By Timothy Clemans
The Seattle Police Department is testing body cameras. You can read the department’s body camera policy here: http://spdblotter.seattle.gov/wp-content/uploads/2014/12/12_17_14-Policy.pdf
I pushed the envelope so we as a society can once and for all address accurately recording of the truth, who should have access to the truth and what we are to do with the truth.
I believe this policy is a significant leap forward in transparency and fairness. However, the actions of officers and citizens will be public, leading to one of the most significant loss-of-privacy stories of all time. My public records requests for SPD video were the tipping point for mass publishing of police videos by Seattle Police. I pushed the envelope so we as a society can once and for all address accurately recording of the truth, who should have access to the truth and what we are to do with the truth.
This is the first policy ever to require officers to mark videos that require redaction per Washington’s public records act exemptions. And, unlike the policy for in-car video, this policy requires officers to tag every video with an event ID.

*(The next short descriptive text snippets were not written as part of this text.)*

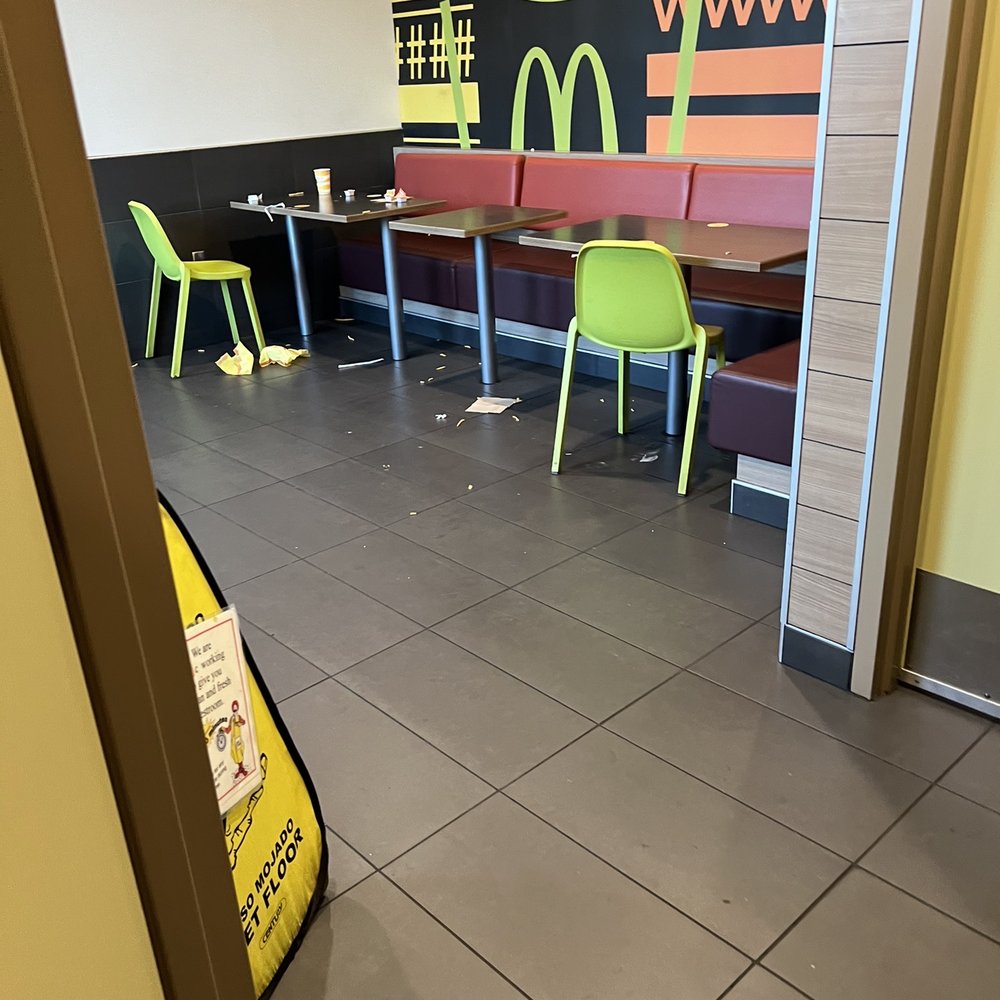 McDonald's - the interior of a fast food restaurant - Burgers Near Me - San Juan Capistrano, California McDonald's - the interior of a fast food restaurant - Burgers Near Me - San Juan Capistrano, California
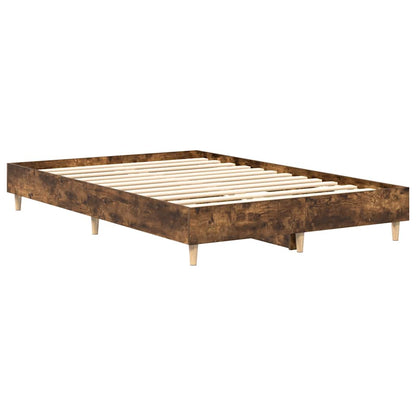 Giroletto senza Materasso Rovere Fumo 135x190 cm in Truciolato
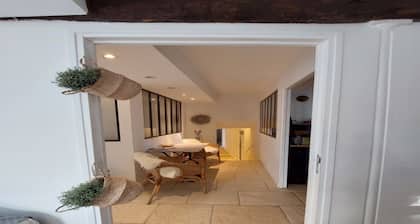 Charming apartment in the village of Marly le roi near Versailles and Paris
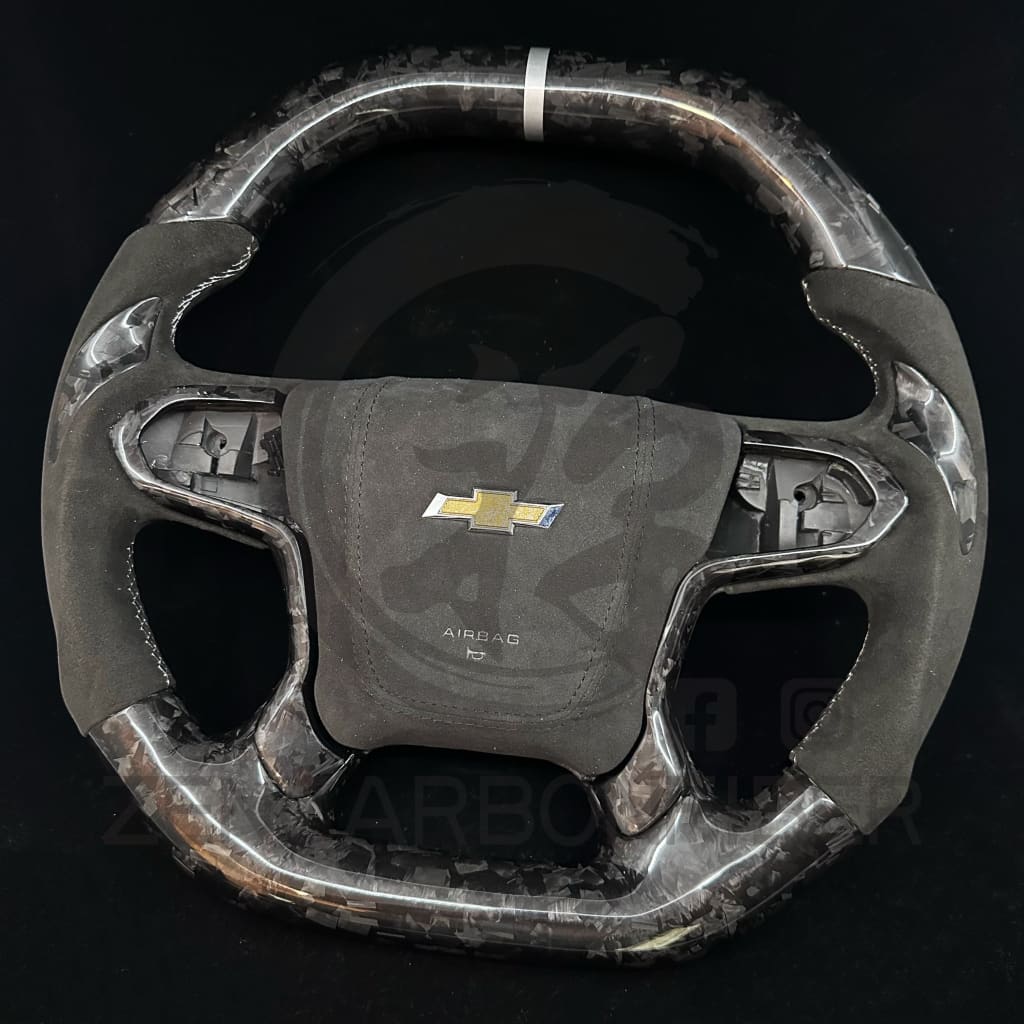 2014-2018 Chevrolet Silverado/Tahoe Carbon Fiber Steering Wheel Steering Wheels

These two requirements lay the groundwork for automatically releasing videos not involved in an active investigation and not requiring redaction. According to the department’s Chief Operation Officer Mike Wagers, the City’s public records attorney Mary Perry has estimated that 95% of videos could be released without redaction by analyzing metadata. Mike does not know yet if the Video-to-Public IT project manager will sign off on automatic release of 95% of body camera videos. According to Sean Whitcomb in the SPD Public Affairs office, the department is in the final stages of publishing all videos released to a non-involved third party with the help of the Seattle Channel.
This policy is also the first I’ve seen to require the body camera to be activated at time of a 911 dispatch. I believe compliance with this requirement will ensure contacts with citizens due to a 911 dispatch are recorded in their entirety.
The policy also puts strict requirements on notifying people they are being recorded. Officers can not record inside places where the public is not allowed without consent unless there is a crime in progress or the officer can be there without a warrant.
I don’t believe this is about privacy. I believe this is about giving warning that their behavior will be recorded and therefore it is in their best interest to behave well. I do not think the consent requirement protects privacy, because a door will often be open when the denial of consent is recorded. Also citizens are fearful of objecting to an officer’s request.
I believe the notification and consent statements should include “this recording is a public record.” Very few people realize the department is working on overdrive to publish every video requested by a non-involved party on the Seattle Channel and possibly 95% of body cam videos. In addition I fully intend to obtain any video not published on Seattle Channel and make it available via YouTube. The department says videos will be retained infinitely.
The fundamental problem is that the policy says officers testing the cameras can not be held accountable if they do not have their camera on, per policy. I’m willing to let this slide for now, since this is the testing phase. When this rolls out for real, I want the policy to say something like “your employment will be terminated if you fail to turn on your camera and keep it on as required by policy more than three times, and immediately if your camera is off during a type 3 use of force incident.”
The City of Seattle will have the most transparent police force in the world. Our interactions as citizens with the police will be public. My fear is we may not get the accountability we so desperately need for officer actions, and that an unintended consequence could be the ruin of the lives of citizens who make mistakes. That said, I think officers and citizens will think harder before they act, knowing the world will be able to watch them tomorrow on YouTube. It certainly will become harder for the innocent to be wrongly convicted. A randomized California study showed decrease in use of force and complaints after body cam deployment. Now we need studies to ask “does crime decrease because every police video is placed online?”
As we move toward creating massive troves of public records through the use of video, we must take the time to evaluate the impact of those practices on privacy, on police-citizen interactions, and whether we are again the accountability we hope for.